Studio classes typically involve longer class sessions (2-3 hours) and are designed to teach technical or process skills. The lecture portion of the class is not separate from the hands-on activities, but is incorporated as a small part of the overall class time. Instructors in studio classes tend to teach by example and then guide students through group or individual assignments. Critique, whether by the instructor or through peer review, is often a component of studio classes. To prepare for this, instructors may want to consider creating rubrics, teaching about constructive criticism, and building community in the classroom.
Cornell University has collected many helpful resources for teaching studios, including how to make your studio course effective and how to assess student learning in studios.
The University of Illinois describes guidelines for teaching in a studio class.

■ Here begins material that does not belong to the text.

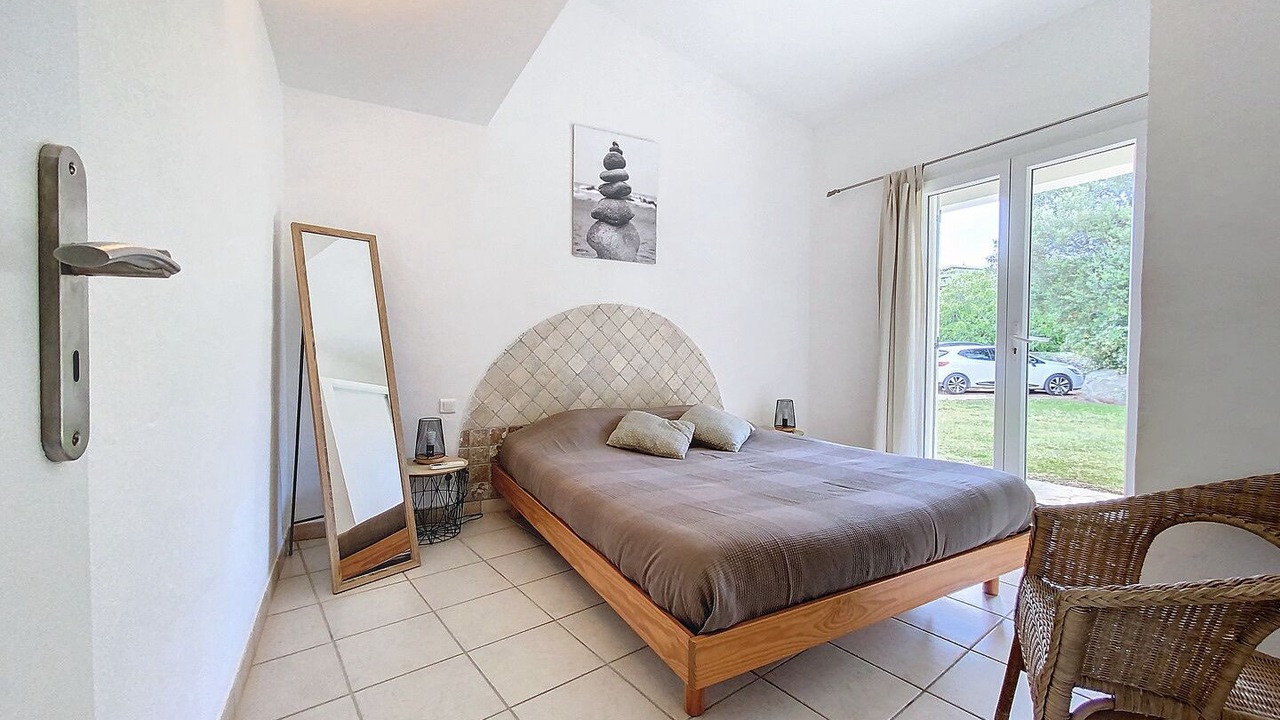 Photo of Bedroom in Pinarellu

Lab classes allow students to be physically engaged with course material and relevant concepts in the field through active experimentation or exploration. Although most labs involve students conducting experiments, the style of lab classes can vary widely. Expository instruction is often thought of as the traditional form of lab, where students follow specific instructions in a lab manual and results are compared to an expected outcome. Inquiry-based labs provide students with an open-ended problem or question to be answered. Students engage in the scientific process and use what is available to design an experiment and answer the question, which may not have a specific expected result. Discovery instruction falls somewhere between expository and inquiry; the instructor typically has an expected outcome in mind and guides the students to this result, but allows the students to make predictions and design the experiment themselves.
Our colleagues in the Center for Teaching Excellence at Cornell have some resources for teaching labs, including how to replace "cookbook" exercises and how to improve students' writing skills.
GTAs and other lab instructors may find the Condensed Guide to Leading a Lab from the Vanderbilt Center for Teaching helpful.